Now the company has announced the launch of its IEx Series motor, an IoT-enabled electric motor that’s a third of the size and weight of conventional motors while delivering high efficiency and IoT capabilities. Infinitum has reached OEM sales agreements with Twin City Fan, Comefri and ACME Fan for the IEx Series motor and the first shipment of motors is scheduled for this month. The company’s first product is an 11 kW (15 hp) motor designed for the HVAC plenum fan market, with the 7.5 and 3.7 kW models being released by the end of 2020. Infinitum has also kick-started research and development efforts in other market segments like oil and gas, aerospace and electric vehicles.

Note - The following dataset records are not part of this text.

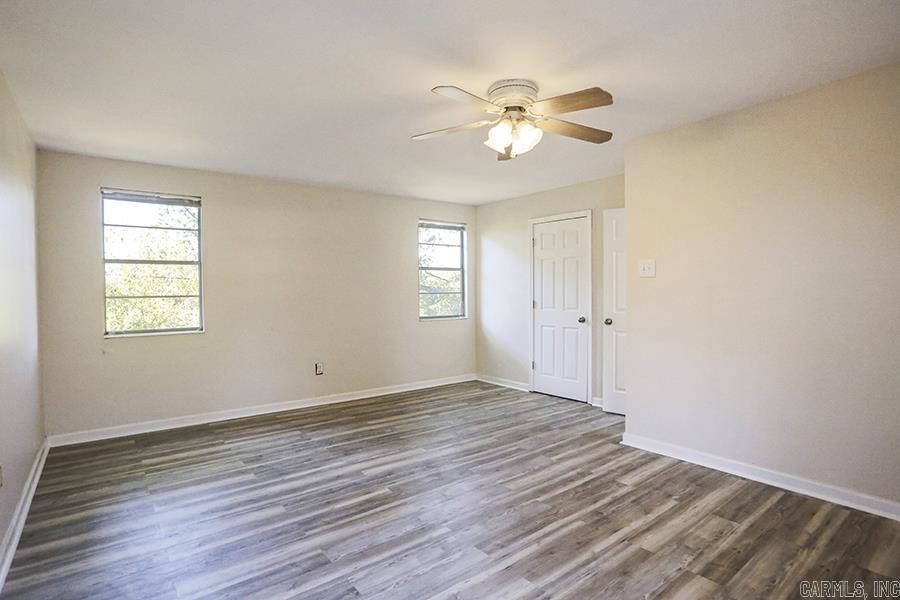 4001 Orange St  North Little Rock, AR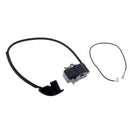 Ignition Coil Fits For  FS120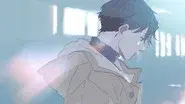 Episode 6 still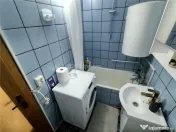 Oravita | Garsoniera La Cheie | Etj.2 | Usor Negociabil 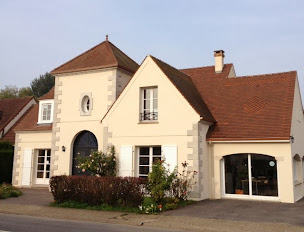 Photo n°6 de RESIDENCES PICARDES SAINT-MARTIN-LONGUEAU à Saint-Martin-Longueau (Constructeur de maisons personnalisées)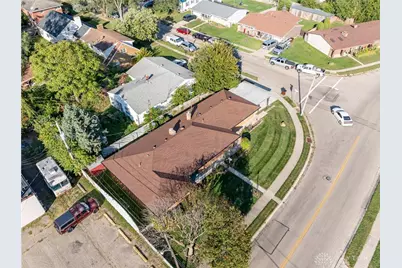 303 E Whittier Avenue, Fairborn, OH 45324 - Photo 40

“With the launch of our IEx Series motor, we are delivering a smaller, smarter, quieter, lighter and higher performing motor into the roughly $150 billion yearly electric motor market,” said Ben Schuler, CEO of Infinitum Electric. “After the electric motor has gone virtually untouched for more than 100 years, our product is generating exciting interest in key industries, and we’re honoured to introduce our first product line with three of the industry’s top fan and blower OEMs.”

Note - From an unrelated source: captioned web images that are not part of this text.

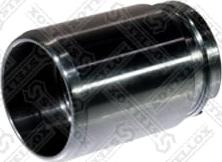 Stellox 04-98400-SX - Бутало, спирачен апарат vvparts.bg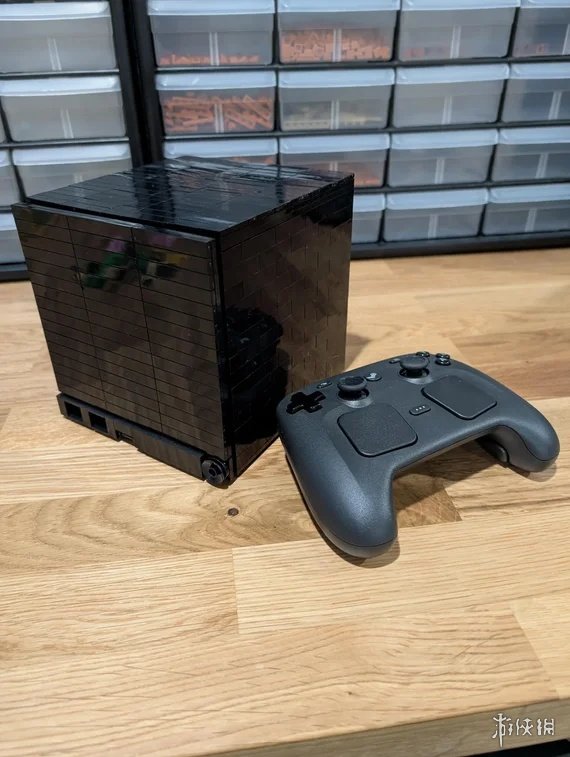 游侠网3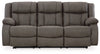 Mailo Sofa Set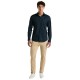 панталони,тип,чино,мъжки,панталони,original,penguin,nylon,tech,chino,pants,blue,(travertine)
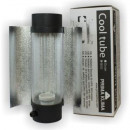 Cooltube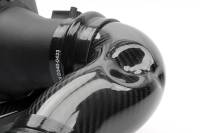 Dinan - GFBV D760-0046 Dinan Closed Cold Air Intake - 2016-2021 BMW M240i/340i/440i - Fits select 2016-2021 BMW models - Image 9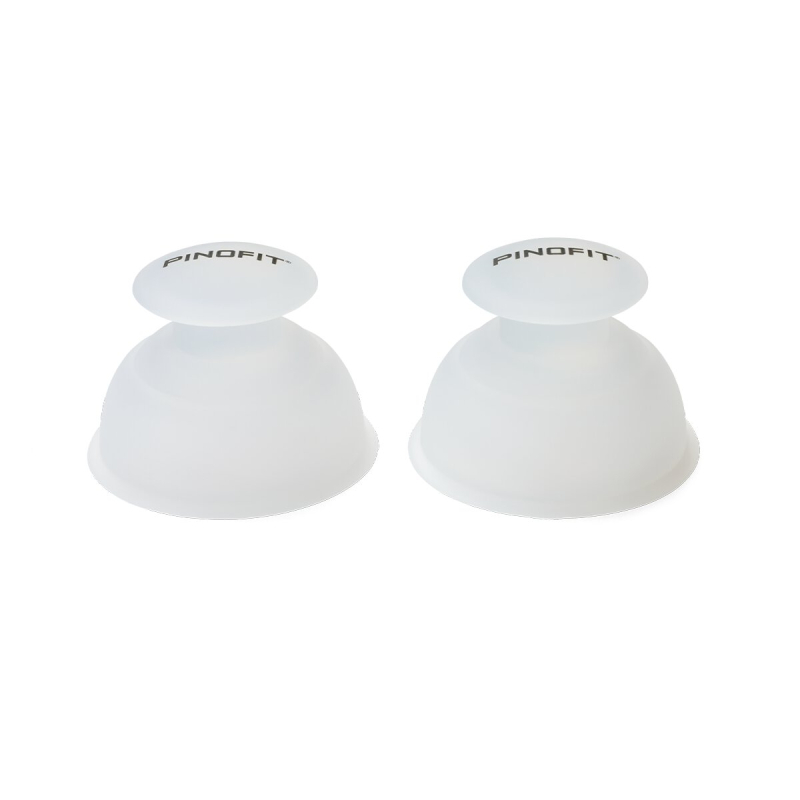 PINOFIT Trigger Cups Pro – ציוד פיזיותרפיה מתקדם למטפלים ציוד פיזיותרפיה, ציוד למטפלים, PINOFIT, כוסות עיסוי, Trigger Cups, טיפול טריגר פוינט, מוצרי PINO, עיסוי מקצועי, טיפול בשרירים, סאניפלקס, כוסות רוח, ציוד שיקומי, אביזרי טיפול, עיסוי רפואי, פיזיותרפיה מקצועית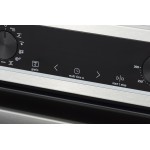 Gorenje BOSB6737E06X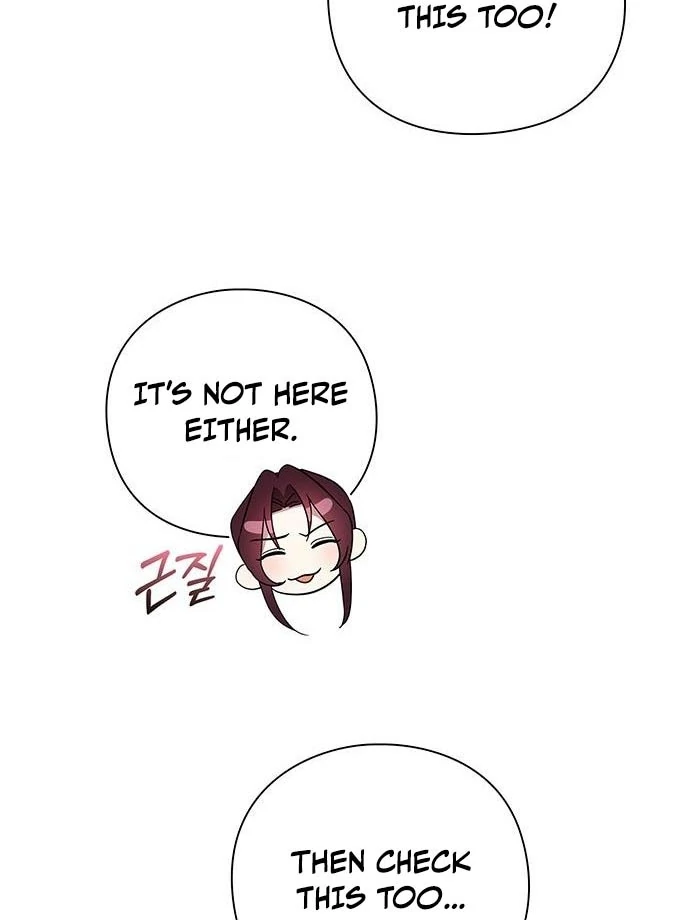 To you, who kneel before me Chapter 15 - page 64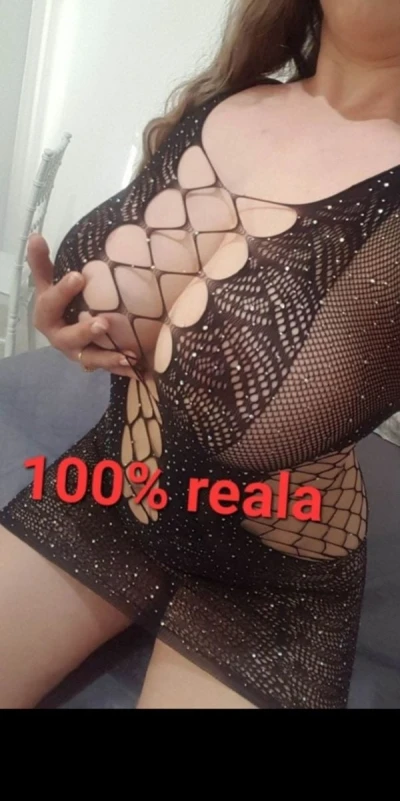 Non-stop Pasiune în Militari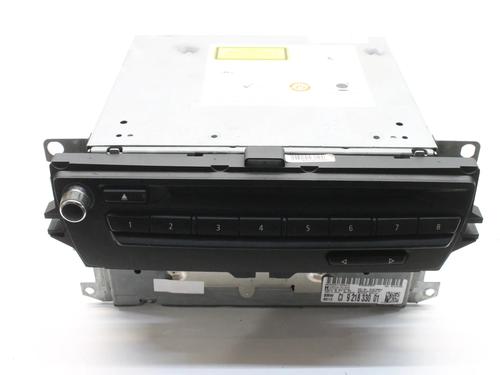 Electronic module BMW 3 Coupe (E92) M3 | BP39842629M83 - Image 7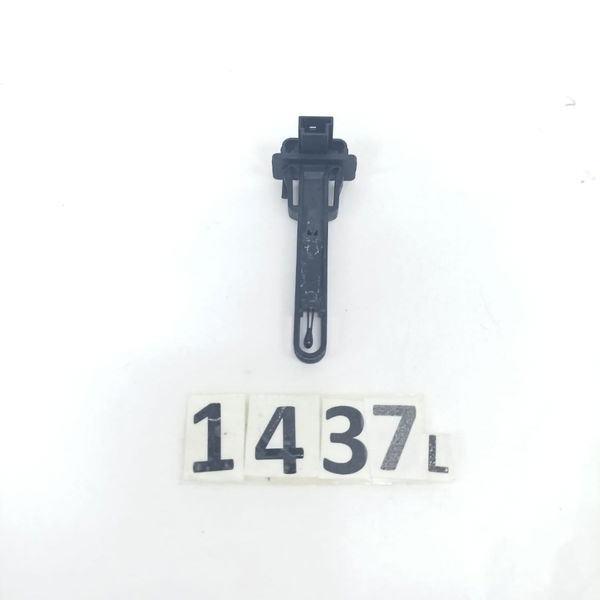 Sensor Temperatura Bmw X4 2017 9116269 
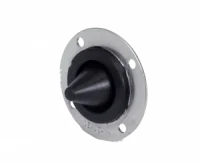 GS2003-5-WPT-e1479134406585.png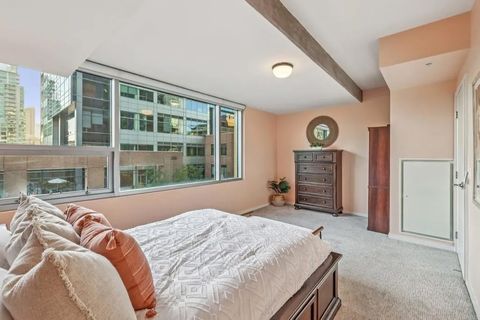 Tiny photo for 321 10Th Avenue #509, San Diego, CA 92101 (MLS # PTP2507359)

Infinitum’s 11 kW electric motor can exceed IE5 efficiency, a standard that the industry considers to be the highest efficiency class. In addition, the customisable design of the motor allows for easier production and greater optimisation than any other electric motor, resulting in reduced lead times, up to 25% lower costs, up to 60% lighter weight, higher durability and enhanced IoT connectivity.

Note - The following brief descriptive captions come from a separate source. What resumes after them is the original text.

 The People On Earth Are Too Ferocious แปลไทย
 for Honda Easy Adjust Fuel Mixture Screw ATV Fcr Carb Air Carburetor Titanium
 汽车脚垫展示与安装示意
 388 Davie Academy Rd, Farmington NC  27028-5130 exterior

“Demand for high-efficiency motors is on the rise, and an innovative product like Infinitum’s PCB-based 15 hp motor gives the market a highly competitive offering,” said Ivan Campos, Manufacturing Technology Research Analyst with IHS Markit technology research, now part of Informa Tech. “The level of efficiency based on the size and weight of Infinitum’s 15 hp motor coupled with its IoT capabilities could be of great benefit to not only the HVAC industry but for other industries as well.”1
Simplified manufacturing lowers cost
Infinitum’s PCB-based stators with etched copper wiring eliminate the need for traditional motor stators made with twisted copper wiring. This too means that expensive, clunky machinery designed to automate the twisting of the copper wires can be eliminated from the motor manufacturing process and replaced by fully automated PCB manufacturing.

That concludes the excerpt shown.